Updating the comment makes sense, especially since the number of pods is based on deployment configuration. But I'd suggest something else.

The comment is necessary so that others can understand the reason.

pedjak · 2025-12-04T12:41:34Z

helm/olmv1/templates/deployment-olmv1-system-operator-controller-controller-manager.yml

    type: RollingUpdate
    rollingUpdate:
-      maxSurge: 1          # Allow temporary 2 pods (1 + 1) for zero-downtime updates
+      maxSurge: 1          # Allow temporary extra pod (e.g., 3 pods with 2 replicas) for zero-downtime updates


same as above.

pedjak · 2025-12-04T12:44:21Z

helm/olmv1/values.yaml

    enabled: true
    deployment:
      image: quay.io/operator-framework/operator-controller:devel
+      replicas: 2


I think the default should remain 1, and set podDisruptionBudget.enabled to false as default as well. >1 is required for HA setups. We should not implicitly enforce after an upgrade that OLM suddenly consumes more cluster resources (i.e. pods). Such things should not be hidden from users.

I generally agree with @pedjak here, we should be defaulting to 1 upstream, but allow the configuration to updated downstream. However, because we are allowing changes here, we will need to ensure that the e2e tests can still be run upstream and downstream.

Now thinking, maybe we want to use 1 for the default, and put 2 in experimental? That way, we can test both values.

The community user will also encounter a similar upgrade error(OCPBUGS-62517) if we disable the PDB as the default.

In my opinion, we should maintain consistency between the upstream and downstream projects. This is also one of the core principles of open source: fostering alignment, collaboration, and transparency across the entire ecosystem. When upstream and downstream diverge without clear justification, it creates unnecessary complexity, increases maintenance overhead, and makes it harder for users and contributors to understand or adopt the project.

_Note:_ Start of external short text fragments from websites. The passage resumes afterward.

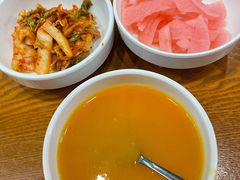 免费小菜-韩礼年糕(飞虹路店)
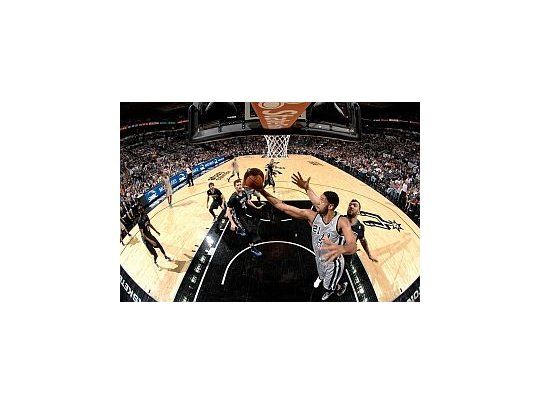 San Antonio venció a Minnesota Timberwolves.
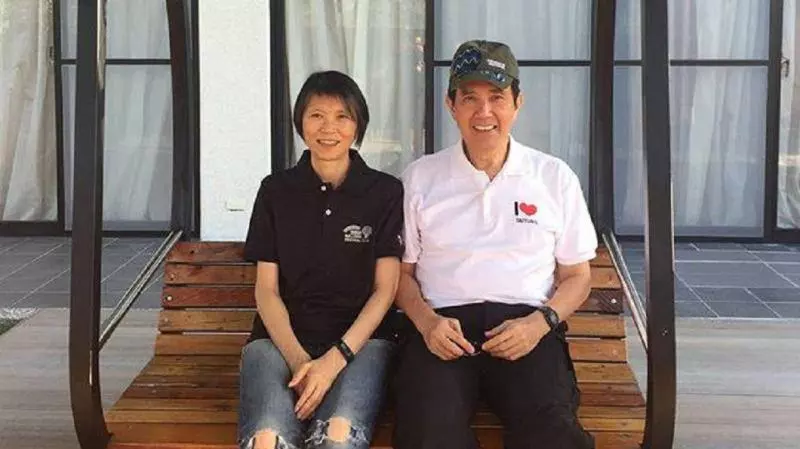 「酷酷嫂」周美青出馬輔選台中?馬英九妙答這一句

By keeping the two sides consistent, we ensure that new features, bug fixes, and improvements flow smoothly in both directions. It also strengthens long-term sustainability, because the community can rely on a unified architecture and shared expectations. Ultimately, this consistency reinforces the value of open source itself—working together toward a common, coherent, and maintainable solution.

The community user will also encounter a similar upgrade error

As usual, it depends. IMHO, this is the downstream bug because the downstream has certain expectations about components availability during upgrade. If OLM deployment has just single pod, it is perfectly normal that the deployment becomes shortly unavailable during upgrade, and many upstream users might be ok with that, especially because OLM is a controller that performs reconciliations asynchronously (i.e. eventually). All ClusterExtensions that get created/modified during OLM upgrade are not lost and they are going to be reconciled - hence to service interruption does not happens at all.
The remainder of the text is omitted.